As l sat down to lunch with my friend, she started the conversation by saying “I have an ethical dilemma and I need your advice!” That set me back on my heels! ME give HER advice on an ethical dilemma!! After she had told me her story and I had responded, she said, ‘You were the best person I could think of to help me with this.’ While I have always considered myself a fairly ethical person, where in the world had this come come from?
It must have come as a result of all the conversations over lunches, the text messages, the phone calls, the emails, the recommending (or not) of TV shows, the lending of books, all the trivia of our relationship. It did not come from a long and intense discussion of ethics. In fact I can't recall that word ever being uttered during any of those times. To say that this was a sobering experience is putting it mildly! Then I came across this quote by Dorothy Day, an American journalist, social activist, and Catholic convert.‘A pebble cast into a pond causes ripples that spread in all directions. And each one of our thoughts, words, and deeds is like that.’

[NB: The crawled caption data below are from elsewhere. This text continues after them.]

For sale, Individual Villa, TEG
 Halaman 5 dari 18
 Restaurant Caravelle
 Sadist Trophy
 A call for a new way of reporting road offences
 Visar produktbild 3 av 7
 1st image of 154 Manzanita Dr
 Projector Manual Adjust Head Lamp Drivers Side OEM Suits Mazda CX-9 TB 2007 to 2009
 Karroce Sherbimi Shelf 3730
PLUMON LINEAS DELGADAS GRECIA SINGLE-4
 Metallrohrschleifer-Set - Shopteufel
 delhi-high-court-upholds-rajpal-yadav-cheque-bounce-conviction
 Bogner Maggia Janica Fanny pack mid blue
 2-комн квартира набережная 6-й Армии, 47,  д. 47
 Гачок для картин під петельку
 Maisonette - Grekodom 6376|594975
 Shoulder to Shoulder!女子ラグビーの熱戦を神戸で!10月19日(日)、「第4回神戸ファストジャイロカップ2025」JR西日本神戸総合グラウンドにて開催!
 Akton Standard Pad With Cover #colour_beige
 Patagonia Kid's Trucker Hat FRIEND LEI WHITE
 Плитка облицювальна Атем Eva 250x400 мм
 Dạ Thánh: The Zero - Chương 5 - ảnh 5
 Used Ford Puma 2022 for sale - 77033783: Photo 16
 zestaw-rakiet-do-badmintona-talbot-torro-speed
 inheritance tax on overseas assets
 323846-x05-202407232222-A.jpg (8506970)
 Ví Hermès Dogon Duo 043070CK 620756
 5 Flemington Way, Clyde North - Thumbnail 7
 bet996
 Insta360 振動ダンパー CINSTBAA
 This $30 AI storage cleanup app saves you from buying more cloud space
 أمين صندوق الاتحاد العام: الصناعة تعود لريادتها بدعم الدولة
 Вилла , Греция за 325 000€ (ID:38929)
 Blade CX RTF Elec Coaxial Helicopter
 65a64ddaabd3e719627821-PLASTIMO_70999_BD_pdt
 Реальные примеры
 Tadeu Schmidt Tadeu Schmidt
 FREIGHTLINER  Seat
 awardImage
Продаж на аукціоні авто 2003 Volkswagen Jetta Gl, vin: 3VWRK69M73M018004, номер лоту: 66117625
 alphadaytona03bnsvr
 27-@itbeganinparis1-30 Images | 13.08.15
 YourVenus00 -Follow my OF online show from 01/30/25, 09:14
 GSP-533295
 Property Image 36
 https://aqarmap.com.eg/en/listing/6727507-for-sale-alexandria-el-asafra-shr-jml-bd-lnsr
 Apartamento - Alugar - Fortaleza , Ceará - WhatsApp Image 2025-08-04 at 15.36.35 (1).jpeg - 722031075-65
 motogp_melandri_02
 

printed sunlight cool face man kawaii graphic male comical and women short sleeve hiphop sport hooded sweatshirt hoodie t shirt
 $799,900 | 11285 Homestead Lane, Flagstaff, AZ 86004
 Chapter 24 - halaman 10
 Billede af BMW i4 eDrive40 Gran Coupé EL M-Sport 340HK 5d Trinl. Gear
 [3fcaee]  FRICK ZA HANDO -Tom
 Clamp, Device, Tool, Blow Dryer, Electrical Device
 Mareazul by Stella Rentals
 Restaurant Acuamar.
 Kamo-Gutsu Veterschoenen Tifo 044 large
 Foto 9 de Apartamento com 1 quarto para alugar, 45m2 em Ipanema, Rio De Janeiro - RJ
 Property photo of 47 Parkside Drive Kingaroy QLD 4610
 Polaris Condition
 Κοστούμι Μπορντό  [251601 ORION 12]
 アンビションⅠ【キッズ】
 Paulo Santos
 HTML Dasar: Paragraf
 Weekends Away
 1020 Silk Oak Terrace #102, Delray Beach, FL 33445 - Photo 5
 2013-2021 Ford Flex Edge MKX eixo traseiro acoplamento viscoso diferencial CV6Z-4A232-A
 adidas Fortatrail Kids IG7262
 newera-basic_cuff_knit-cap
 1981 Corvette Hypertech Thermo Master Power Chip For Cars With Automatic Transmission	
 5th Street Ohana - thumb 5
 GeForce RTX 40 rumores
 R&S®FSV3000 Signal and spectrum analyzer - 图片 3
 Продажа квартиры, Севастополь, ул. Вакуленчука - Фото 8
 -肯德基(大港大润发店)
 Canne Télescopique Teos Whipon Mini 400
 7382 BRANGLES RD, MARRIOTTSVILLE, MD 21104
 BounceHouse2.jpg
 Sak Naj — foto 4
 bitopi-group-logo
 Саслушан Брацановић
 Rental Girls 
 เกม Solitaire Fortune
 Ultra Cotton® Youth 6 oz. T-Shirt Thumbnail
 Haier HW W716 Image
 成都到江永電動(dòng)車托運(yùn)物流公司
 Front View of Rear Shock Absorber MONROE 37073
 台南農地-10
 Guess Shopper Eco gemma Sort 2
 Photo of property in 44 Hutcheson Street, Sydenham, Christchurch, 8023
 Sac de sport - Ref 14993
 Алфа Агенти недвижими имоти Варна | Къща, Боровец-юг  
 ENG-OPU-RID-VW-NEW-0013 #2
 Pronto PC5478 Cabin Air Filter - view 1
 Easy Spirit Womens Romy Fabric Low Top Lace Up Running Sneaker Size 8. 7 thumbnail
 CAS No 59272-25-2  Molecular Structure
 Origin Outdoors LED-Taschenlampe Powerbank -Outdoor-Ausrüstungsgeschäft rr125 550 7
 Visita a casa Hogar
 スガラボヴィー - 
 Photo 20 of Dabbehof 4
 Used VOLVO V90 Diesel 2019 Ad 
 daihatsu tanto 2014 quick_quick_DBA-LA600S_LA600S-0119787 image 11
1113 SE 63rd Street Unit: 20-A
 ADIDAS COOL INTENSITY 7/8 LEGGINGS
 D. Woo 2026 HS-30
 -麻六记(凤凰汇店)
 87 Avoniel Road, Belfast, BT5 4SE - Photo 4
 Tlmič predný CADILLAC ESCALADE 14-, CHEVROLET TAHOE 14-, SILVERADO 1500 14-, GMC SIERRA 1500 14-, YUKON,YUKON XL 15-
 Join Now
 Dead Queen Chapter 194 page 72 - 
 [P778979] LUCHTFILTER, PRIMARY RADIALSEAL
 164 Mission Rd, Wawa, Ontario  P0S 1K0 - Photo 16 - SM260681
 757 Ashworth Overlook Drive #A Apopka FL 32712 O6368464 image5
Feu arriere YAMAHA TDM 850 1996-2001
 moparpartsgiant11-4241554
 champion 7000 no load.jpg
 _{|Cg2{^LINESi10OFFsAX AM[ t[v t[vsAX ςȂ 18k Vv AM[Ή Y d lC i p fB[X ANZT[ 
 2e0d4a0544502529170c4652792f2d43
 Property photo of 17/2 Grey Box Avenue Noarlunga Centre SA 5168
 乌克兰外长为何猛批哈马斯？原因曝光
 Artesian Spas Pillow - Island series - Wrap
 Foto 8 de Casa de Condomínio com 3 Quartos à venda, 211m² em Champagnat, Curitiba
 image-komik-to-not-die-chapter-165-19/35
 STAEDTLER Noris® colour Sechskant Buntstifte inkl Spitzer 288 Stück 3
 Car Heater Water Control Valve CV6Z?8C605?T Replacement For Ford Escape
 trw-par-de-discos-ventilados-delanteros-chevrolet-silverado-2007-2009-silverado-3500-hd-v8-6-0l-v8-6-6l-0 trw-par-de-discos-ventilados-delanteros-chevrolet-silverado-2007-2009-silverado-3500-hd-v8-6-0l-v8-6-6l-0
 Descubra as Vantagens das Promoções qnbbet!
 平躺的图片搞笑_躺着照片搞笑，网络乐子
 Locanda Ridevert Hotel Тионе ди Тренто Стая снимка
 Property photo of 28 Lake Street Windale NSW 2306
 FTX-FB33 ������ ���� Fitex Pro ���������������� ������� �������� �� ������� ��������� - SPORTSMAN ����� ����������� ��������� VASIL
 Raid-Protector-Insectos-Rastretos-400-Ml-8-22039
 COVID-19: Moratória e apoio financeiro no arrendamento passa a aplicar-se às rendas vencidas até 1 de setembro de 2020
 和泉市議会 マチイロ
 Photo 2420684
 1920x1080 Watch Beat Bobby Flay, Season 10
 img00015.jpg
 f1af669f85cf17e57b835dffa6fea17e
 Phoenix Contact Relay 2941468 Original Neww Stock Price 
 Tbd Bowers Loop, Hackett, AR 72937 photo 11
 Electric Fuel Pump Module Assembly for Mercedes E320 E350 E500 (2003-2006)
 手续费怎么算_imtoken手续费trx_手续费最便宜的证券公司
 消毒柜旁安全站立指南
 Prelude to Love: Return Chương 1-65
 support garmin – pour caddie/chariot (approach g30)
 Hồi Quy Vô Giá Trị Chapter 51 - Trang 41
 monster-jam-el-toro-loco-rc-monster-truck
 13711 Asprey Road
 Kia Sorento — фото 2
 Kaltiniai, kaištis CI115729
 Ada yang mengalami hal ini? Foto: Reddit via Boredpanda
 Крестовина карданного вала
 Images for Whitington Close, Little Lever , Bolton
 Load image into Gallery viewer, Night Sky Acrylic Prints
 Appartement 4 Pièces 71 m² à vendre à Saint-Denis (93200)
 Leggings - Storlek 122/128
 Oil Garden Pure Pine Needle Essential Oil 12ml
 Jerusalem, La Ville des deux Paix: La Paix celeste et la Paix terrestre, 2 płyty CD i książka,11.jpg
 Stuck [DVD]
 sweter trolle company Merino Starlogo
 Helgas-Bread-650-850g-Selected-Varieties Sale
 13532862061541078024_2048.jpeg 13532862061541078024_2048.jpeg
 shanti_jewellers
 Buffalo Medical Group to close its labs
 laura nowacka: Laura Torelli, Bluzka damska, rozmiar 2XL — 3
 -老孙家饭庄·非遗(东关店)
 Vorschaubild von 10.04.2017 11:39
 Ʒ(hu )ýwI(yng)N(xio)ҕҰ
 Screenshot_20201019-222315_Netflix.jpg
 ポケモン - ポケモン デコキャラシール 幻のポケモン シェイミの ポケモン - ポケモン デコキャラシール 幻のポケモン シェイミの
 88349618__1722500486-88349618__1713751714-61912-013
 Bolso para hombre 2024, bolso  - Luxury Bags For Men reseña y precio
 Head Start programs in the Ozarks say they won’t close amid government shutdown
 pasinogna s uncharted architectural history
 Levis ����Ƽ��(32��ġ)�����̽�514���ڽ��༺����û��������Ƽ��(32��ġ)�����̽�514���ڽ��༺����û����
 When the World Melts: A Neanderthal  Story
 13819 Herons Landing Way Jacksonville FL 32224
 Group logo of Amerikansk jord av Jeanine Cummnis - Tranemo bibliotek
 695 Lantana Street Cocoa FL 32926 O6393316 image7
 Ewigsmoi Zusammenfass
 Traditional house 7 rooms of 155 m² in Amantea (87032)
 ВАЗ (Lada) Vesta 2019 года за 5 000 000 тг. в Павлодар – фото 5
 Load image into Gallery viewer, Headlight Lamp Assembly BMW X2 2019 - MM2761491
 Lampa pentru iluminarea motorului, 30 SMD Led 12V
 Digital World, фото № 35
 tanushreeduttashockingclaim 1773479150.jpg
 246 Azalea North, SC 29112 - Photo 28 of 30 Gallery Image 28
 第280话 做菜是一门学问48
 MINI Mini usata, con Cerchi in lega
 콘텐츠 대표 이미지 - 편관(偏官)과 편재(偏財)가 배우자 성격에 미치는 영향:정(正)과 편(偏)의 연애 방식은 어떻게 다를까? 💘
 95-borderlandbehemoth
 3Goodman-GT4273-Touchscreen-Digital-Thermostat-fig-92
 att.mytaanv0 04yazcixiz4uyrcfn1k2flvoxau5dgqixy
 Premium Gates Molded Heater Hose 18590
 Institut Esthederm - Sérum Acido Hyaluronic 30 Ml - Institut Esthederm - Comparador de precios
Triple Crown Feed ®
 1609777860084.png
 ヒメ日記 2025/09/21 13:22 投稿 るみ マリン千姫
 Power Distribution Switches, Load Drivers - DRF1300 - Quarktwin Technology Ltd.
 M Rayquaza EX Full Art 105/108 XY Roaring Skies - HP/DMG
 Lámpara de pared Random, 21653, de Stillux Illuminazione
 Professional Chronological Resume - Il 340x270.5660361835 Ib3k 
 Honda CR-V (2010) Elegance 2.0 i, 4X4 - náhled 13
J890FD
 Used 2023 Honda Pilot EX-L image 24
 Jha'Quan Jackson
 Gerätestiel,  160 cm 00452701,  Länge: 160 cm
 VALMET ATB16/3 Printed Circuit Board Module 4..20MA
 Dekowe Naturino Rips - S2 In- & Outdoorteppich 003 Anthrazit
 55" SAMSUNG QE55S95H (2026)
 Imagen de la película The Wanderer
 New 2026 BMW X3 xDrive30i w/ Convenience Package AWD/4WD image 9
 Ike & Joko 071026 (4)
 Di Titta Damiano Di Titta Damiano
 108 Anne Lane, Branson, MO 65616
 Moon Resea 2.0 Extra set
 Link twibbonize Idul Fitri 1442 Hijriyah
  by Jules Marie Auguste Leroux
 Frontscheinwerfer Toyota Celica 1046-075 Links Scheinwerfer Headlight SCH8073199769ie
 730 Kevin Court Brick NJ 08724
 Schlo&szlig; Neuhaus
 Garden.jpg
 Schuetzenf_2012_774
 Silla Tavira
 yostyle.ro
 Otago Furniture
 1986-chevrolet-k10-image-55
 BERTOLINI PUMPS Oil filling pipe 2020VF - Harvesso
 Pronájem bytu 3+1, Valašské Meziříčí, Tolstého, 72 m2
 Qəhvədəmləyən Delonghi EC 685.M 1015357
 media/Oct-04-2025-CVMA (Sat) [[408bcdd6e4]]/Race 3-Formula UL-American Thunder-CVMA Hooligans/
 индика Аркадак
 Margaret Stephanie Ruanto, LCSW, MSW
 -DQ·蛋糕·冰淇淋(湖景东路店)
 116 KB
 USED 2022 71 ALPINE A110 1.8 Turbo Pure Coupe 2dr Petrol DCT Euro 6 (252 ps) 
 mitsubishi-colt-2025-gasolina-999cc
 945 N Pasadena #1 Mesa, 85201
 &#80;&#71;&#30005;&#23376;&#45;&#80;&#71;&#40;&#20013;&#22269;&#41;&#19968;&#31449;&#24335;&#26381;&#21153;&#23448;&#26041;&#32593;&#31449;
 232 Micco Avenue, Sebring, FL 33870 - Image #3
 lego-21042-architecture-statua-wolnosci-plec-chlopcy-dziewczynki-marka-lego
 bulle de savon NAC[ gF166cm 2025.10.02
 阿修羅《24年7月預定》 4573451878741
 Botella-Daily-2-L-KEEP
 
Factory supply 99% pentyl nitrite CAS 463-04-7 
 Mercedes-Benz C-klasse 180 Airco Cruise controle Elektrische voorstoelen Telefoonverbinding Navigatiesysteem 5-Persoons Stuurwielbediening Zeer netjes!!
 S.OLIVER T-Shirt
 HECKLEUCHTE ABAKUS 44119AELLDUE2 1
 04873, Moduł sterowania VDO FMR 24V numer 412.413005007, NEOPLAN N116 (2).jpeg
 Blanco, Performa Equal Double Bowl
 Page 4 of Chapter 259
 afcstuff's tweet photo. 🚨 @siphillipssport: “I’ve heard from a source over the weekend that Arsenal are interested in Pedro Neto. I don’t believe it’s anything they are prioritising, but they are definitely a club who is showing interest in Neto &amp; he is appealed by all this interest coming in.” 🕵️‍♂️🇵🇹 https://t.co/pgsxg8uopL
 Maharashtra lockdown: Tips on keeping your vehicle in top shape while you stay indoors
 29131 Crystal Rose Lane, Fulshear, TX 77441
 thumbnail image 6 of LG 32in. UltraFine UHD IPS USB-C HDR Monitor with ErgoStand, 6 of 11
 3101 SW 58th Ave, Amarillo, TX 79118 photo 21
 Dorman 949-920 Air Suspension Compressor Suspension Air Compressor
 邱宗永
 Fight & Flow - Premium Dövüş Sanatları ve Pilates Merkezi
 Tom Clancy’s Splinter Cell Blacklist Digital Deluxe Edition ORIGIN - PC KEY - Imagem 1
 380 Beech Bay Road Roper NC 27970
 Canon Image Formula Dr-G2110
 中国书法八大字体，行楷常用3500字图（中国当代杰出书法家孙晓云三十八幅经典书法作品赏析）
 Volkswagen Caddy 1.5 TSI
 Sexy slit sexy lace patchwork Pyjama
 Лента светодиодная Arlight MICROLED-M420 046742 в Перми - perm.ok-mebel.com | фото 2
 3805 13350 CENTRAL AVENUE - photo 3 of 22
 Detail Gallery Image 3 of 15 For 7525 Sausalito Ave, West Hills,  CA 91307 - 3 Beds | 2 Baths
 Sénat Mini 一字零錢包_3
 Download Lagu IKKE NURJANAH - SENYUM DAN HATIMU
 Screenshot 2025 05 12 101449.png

It was, in fact, a sobering reminder that nothing we say or do, is in a vacuum. Once we utter those words, they become part of someone else’s life And that at some future date they may come back to haunt us. We may wish we had never said or done it, but never can we erased the actual event. I’m not sure about the ‘thoughts’ in Day’s quote above that she says also cause ripples that spread in all directions. Except that thoughts/feelings are what generate our words and deeds. So in a very real way, what we do and what we say, not only affects how others perceive us, but can also reveals to them the truth about who we really are.
Some politicians come to mind from both Canada and the United States. Politicians who, by what they have both done and said, told the world who they really are and what their values actually are. Whenever I hear someone say about another person, “They didn’t really mean that”, I wonder why they think that. Why do they think that someone would say something that wasn’t authentic? Or are they simply assuming that because what was said doesn’t agree with what THEY think, it must be wrong.
I was fortunate in the story I started with, that what came back to haunt me this time was positive. That might well might not be the case the next time!
As the bible says in the 15th verse of Obadiah, ’As you have done, it shall be done to you; your deeds shall return on your own head.’